文鮮明師 講演文

「“生と死”についての理解」

「“生と死”についての理解」

文鮮明師 講演文
"In the beginning was the Word, and the Word was with God, and the word was God." John1:1

「“生と死”についての理解」

(99.02.05 '99 世界文化体育大典 開会晩餐会基調演説 韓国・ソウル)


 尊敬する議長、各分野を代表する世界指導者、内外貴賓、紳士淑女の皆様!

 '99世界文化体育大典に際して、全世界各国から尊敬される指導者の皆様がこのように参席してくださったことに対し、本大会の創始者として深く感謝申し上げます。

 新しき千年を展望する人類は、平和と繁栄のために愛の文化、心情文化世界を指向しなければならないと見ているのが、私の所信です。その点から「家庭倫理と世界平和」をテーマとして開催する本大会は、大きなが意義があると思います。

 望ましい愛の文化が定立されるための条件はたくさんあるでしょうが、道徳と精神的価値を復興させ、家庭の和楽と安定をなすことが先決要件となるでしょう。

 個人の道徳的生活の基準や、家庭、あるいは社会の倫理基準が絶対価値を中心として確立されるためには、正しい世界観と宇宙観が定立されるべきでしょう。今回私は、歴史以来全ての人々が腐心してきた問題である、人間の生と死について見解の一端を述べようと思います。

 私たちは、この地上に生きていますが、この世界は地上だけがあるのではなく、霊界もあります。間違いなく、霊界はあるのです。そして、この地上と霊界は全く別な二つの世界ではなく、一つの世界として連結されています。私たち人間は霊界から生まれたがゆえに、再び霊界に帰らざるをえないのです。

 韓国語では、おもしろいことに「死ぬ」という意味に「帰る」という単語を用います。どこに帰るというのですか。これは単に共同墓地に行くことを表しているのではありません。

 元来、人生の出発した本来の所に戻るという意味です。遥か遠くの歴史の起源を越えて帰るということです。かと言って、韓国人として生まれたから韓国人として帰るという意味ではありません。

 われわれ人類の祖先の根源となるその世界に帰るという意味です。

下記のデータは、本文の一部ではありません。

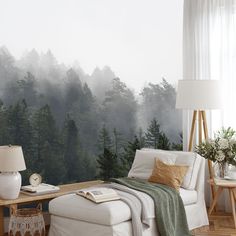 a living room with a couch, table and chair in front of a forest wall mural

すなわち、創造主がおられるならば、その創造主のおられる所に帰るという意味です。そこから出発したからそこに帰るわけです。

 宇宙も循環作用をします。例えば、山に積もっていた雪が解ければ、その水が小さな渓谷を通って流れるようになり、さらにはいろいろな川を通って大海に流れ込みます。

 大海に流れて込むようになったその水は、水蒸気になってまた戻るのです。このように循環運動を通じて、より高くなれる所へ、より良くなれる所へと帰ることを願うのです。

 では、私たちが行って永遠に暮らすべき所はどこでしょうか。私たちは地上界で肉身生活をしていますが、心だけは永遠の世界を目指しているのです。私たちはこの世に生まれると、10代、20代、30代、そして壮年、老年時代を経るようになります。

 このように青春時代を過ぎ、壮年時代を経て老年の峠を越えながら、沈む太陽のように一生を終えるようになります。

 しかし、霊界があるという事実の分かる人たちは、地上で肉身をまとって暮らす一生はつかの間であり、死んだ後に私たちが迎えなければならない世界は永遠だということをよく知っています。ですから、地上での一生の期間というものは、永遠の世界を準備するための準備期間なのです。

 学生を例にしてみれば、その学生が一つの学期、あるいは一つの学年を終えながら学校が制定したすべての学科の単位を取るべき単位の基準があります。

 その最高の基準を100点としてみるとき、その基準にその学生の単位がどれくらい到達しているかを比べることによって、学校に認められる学生にもなるわけです。しかし、単位に満たないパーセンテージが高ければ高いほど、その学生は学校の定めたその価値基準から遠ざかるのです。

 このようにすべては、ある標準を中心としてその価値を測定するようになっています。私たちが一生の間、肉身世界で生きるのも、あたかも学生が学校で良い成績を取るために準備する期間のようなものです。つまり、私たちの全生涯を歩んで、単位を取る準備期間ということになります。

 すなわち、私たちの一生を巡って責任が追求されるある基準の前に、私たちがどれほど一致するかという基準値を中心として、毎日私たちは生涯路程を歩んでいるのです。ところが大抵の人々は、本来人間がこの世に生まれ、生きては逝くべき本然の世界がどこであるか、はっきり分からずにいます。すなわち、死後の世界があるのかないのか、神が存在するのかしないのかも分からいままに生きているのです。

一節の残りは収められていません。